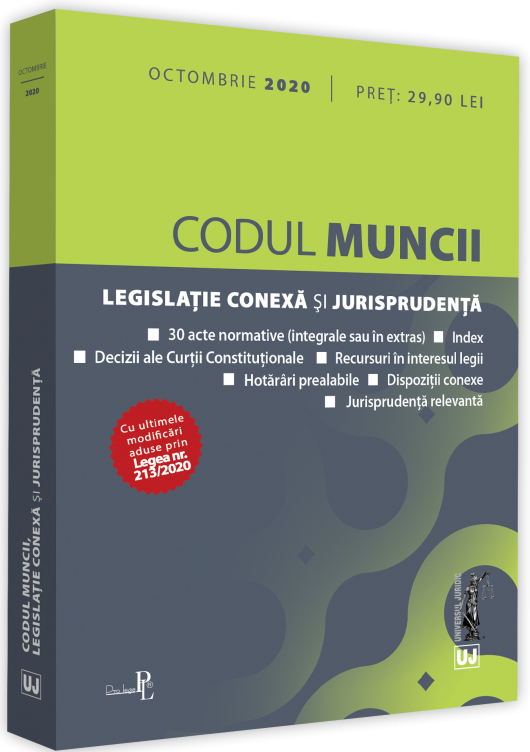 Codul muncii, legislatie conexa si jurisprudenta. Octombrie 2020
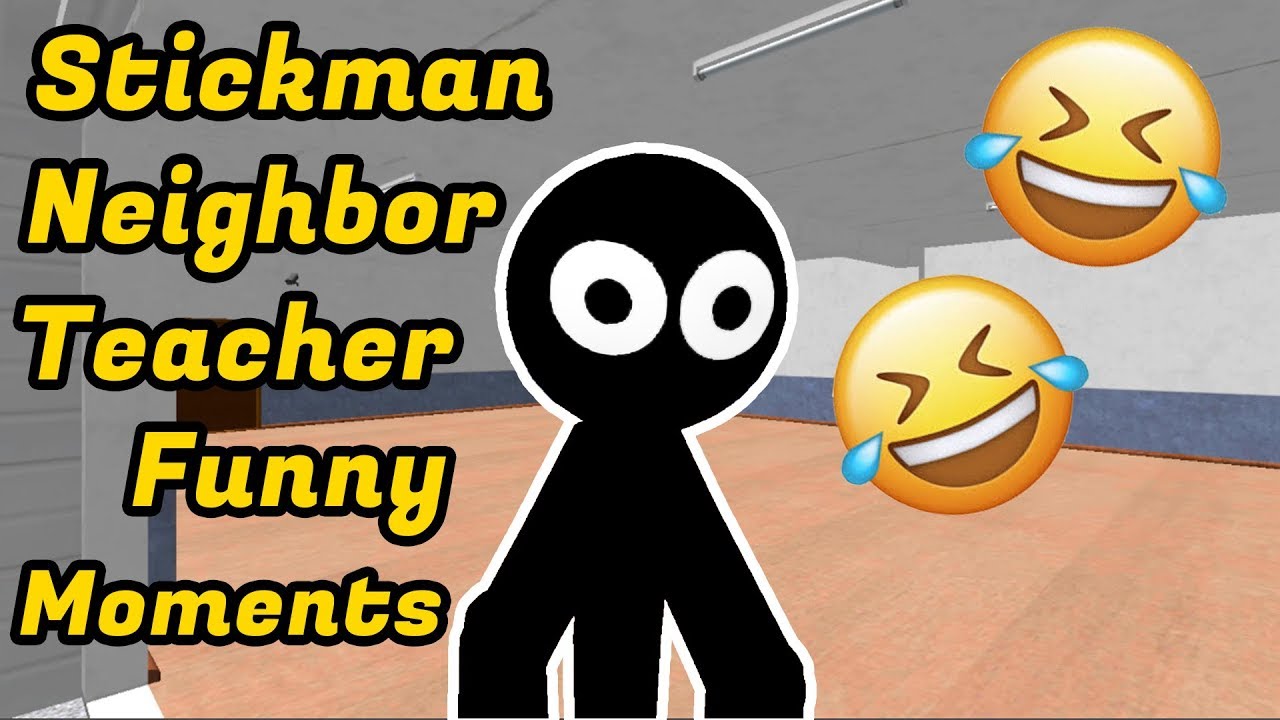 Stickman Neighbor Teacher Escape Funny Moments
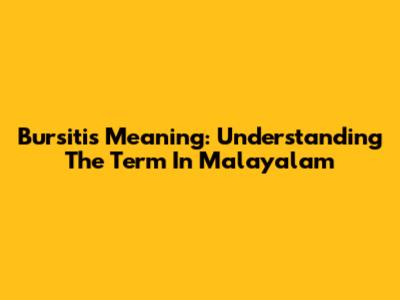 Bursitis Meaning: Understanding The Term In Malayalam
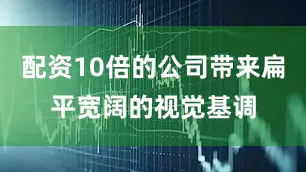 配资10倍的公司带来扁平宽阔的视觉基调
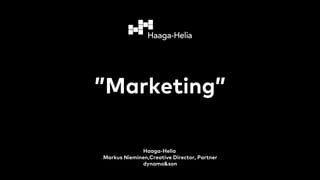 ”Marketing”
Haaga-Helia
Markus Nieminen,Creative Director, Partner
dynamo&son
 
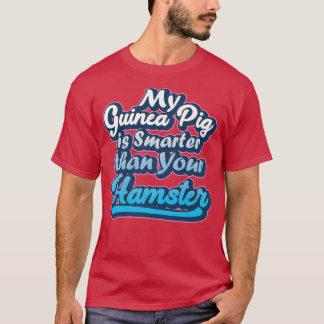 Meine Guinea Schwein ist Smarter Sarcastic Spaß An T-Shirt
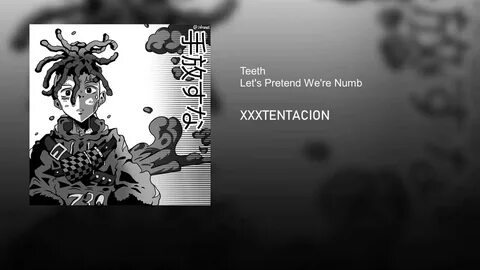 XXXTENTACION - Teeth x Let's Pretend We're Numb (Prod. NDumB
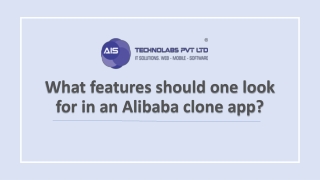 What features should one look for in an Alibaba clone app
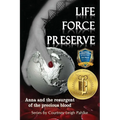 Life Force Preserve Book 1: Anna and the Resurgent of the Precious Blood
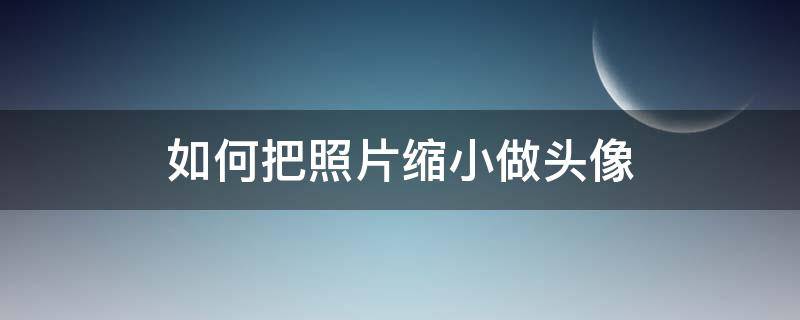 如何把照片缩小做头像 怎么把相片缩小做头像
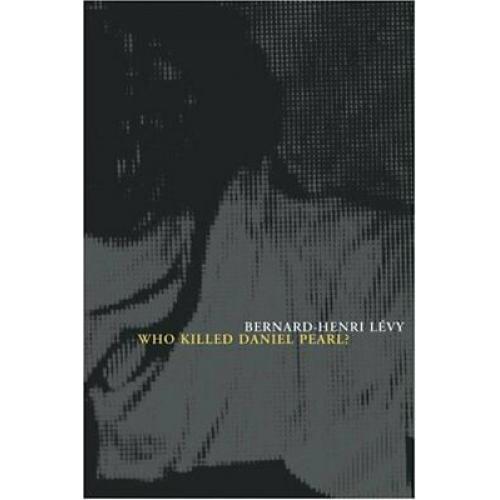 Who Killed Daniel Pearl? 1st edition Bernard Henri Levy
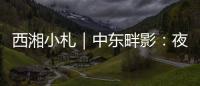 西湘小札｜中東畔影：夜到濃時方止休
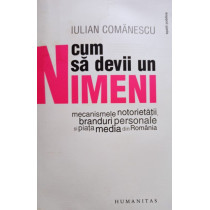 Cum sa devii un nimeni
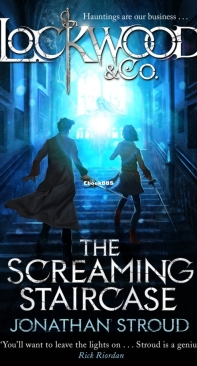 The Screaming Staircase - Lockwood And Co Series Book 1 - Jonathan Stroud - English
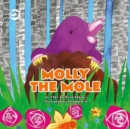 Molly the Mole : A Story to Help Children Build Self-Esteem - Book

-*-

■ What you should do ■
Wherever a picture appears, omit it; copy the rest of the data exactly.

■ Solution for this exercise ■
 Codul muncii, legislatie conexa si jurisprudenta. Octombrie 2020
 Stickman Neighbor Teacher Escape Funny Moments
 Bursitis Meaning: Understanding The Term In Malayalam
 配资10倍的公司带来扁平宽阔的视觉基调
 ”Marketing”
Haaga-Helia
Markus Nieminen,Creative Director, Partner
dynamo&son
 
 Meine Guinea Schwein ist Smarter Sarcastic Spaß An T-Shirt
 XXXTENTACION - Teeth x Let's Pretend We're Numb (Prod. NDumB
 What features should one look for in an Alibaba clone app
 Life Force Preserve Book 1: Anna and the Resurgent of the Precious Blood
 如何把照片缩小做头像 怎么把相片缩小做头像
 Who Killed Daniel Pearl? 1st edition Bernard Henri Levy
 西湘小札｜中東畔影：夜到濃時方止休
 Cum sa devii un nimeni
 The Screaming Staircase - Lockwood And Co Series Book 1 - Jonathan Stroud - English
 Molly the Mole : A Story to Help Children Build Self-Esteem - Book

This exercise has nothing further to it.